■ WHAT YOU WILL DO ■
The reply should contain the full listing exactly as written and no pictures at all.
*** Opening RAW DATA ***
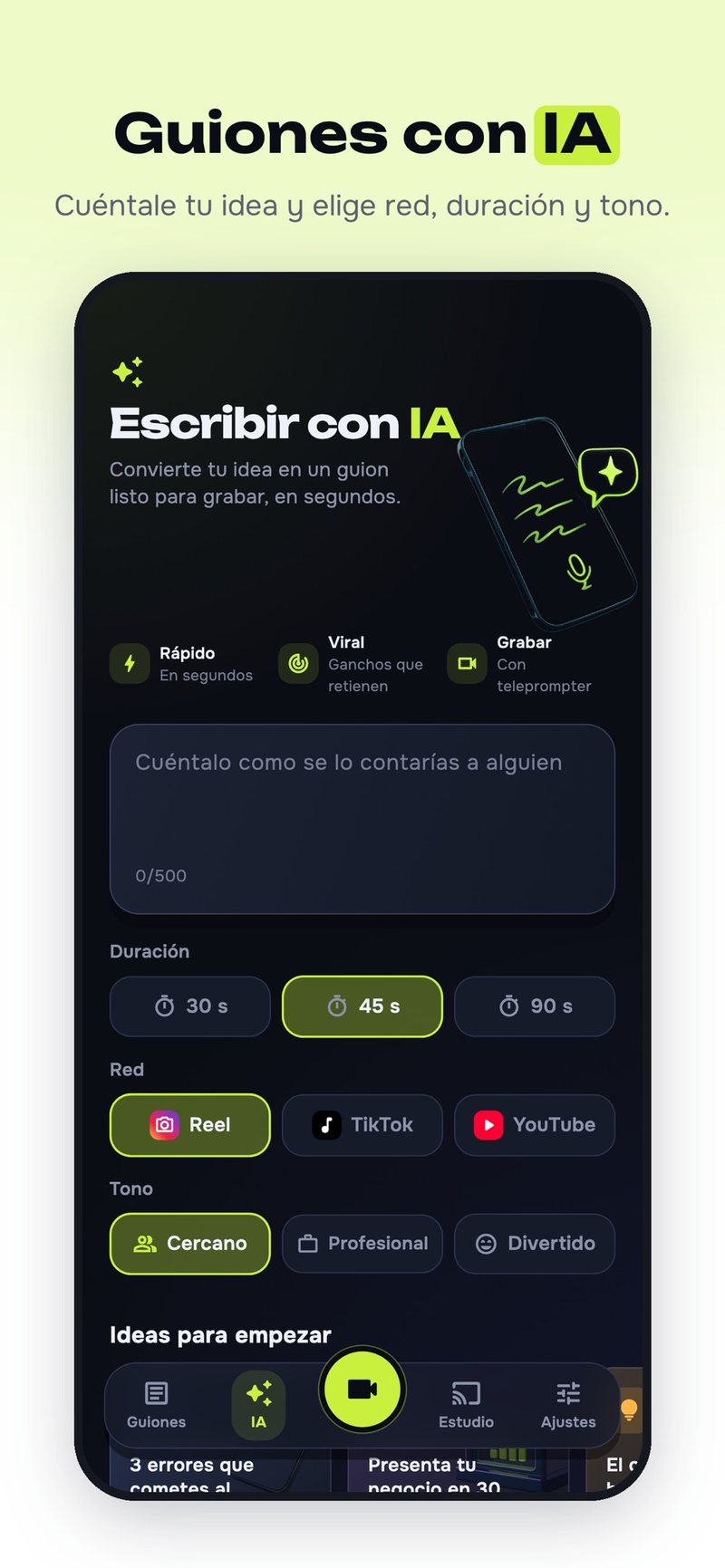 Pantalla Escribir con IA de VYRO Prompt con el campo para contar la idea y las opciones de duración, red social y tono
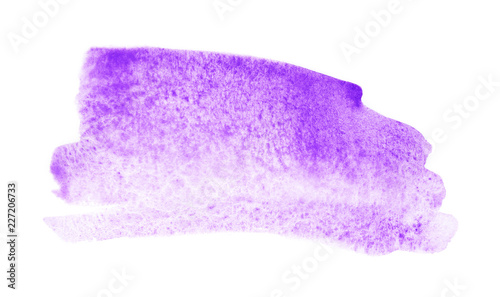 Smear watercolor lilac color on a white background. Manual application.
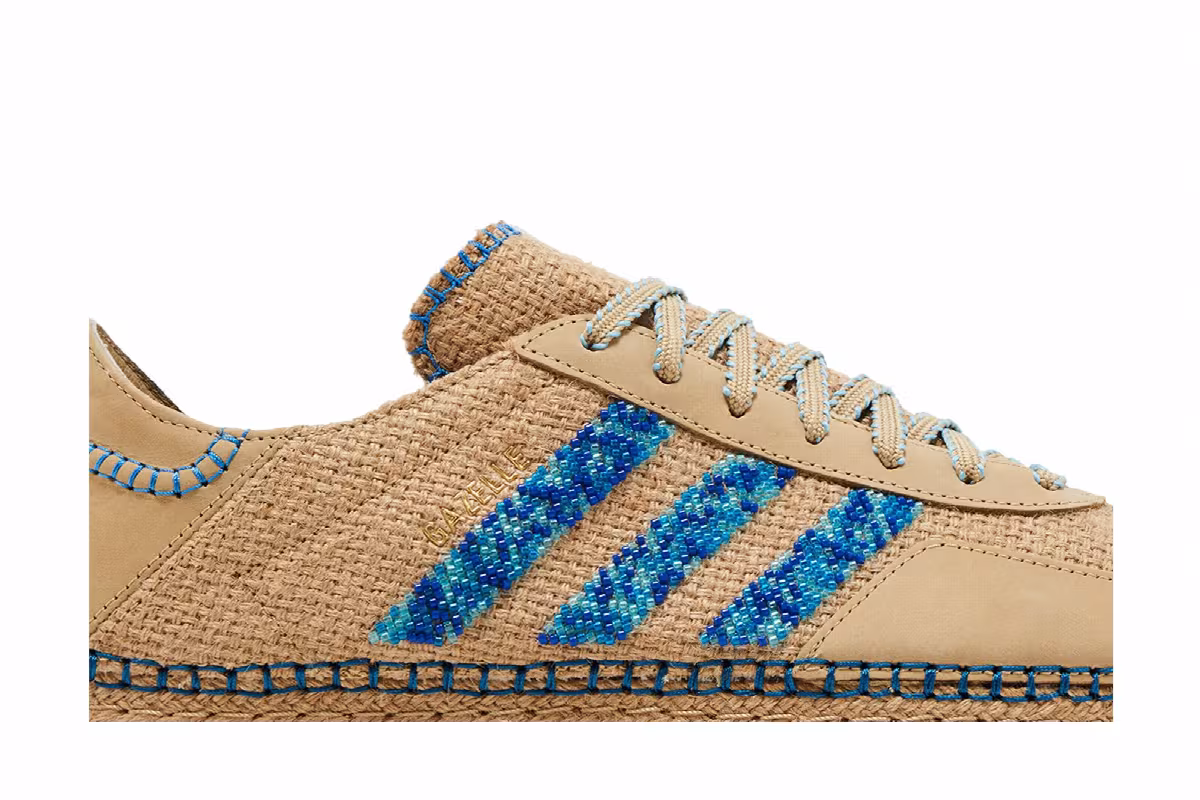 CLOT x adidas Gazelle Linen Khaki Light Blue, view 3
*** Closing RAW DATA ***
■ RESULT FOR THIS TASK ■
 Pantalla Escribir con IA de VYRO Prompt con el campo para contar la idea y las opciones de duración, red social y tono
 Smear watercolor lilac color on a white background. Manual application.
 CLOT x adidas Gazelle Linen Khaki Light Blue, view 3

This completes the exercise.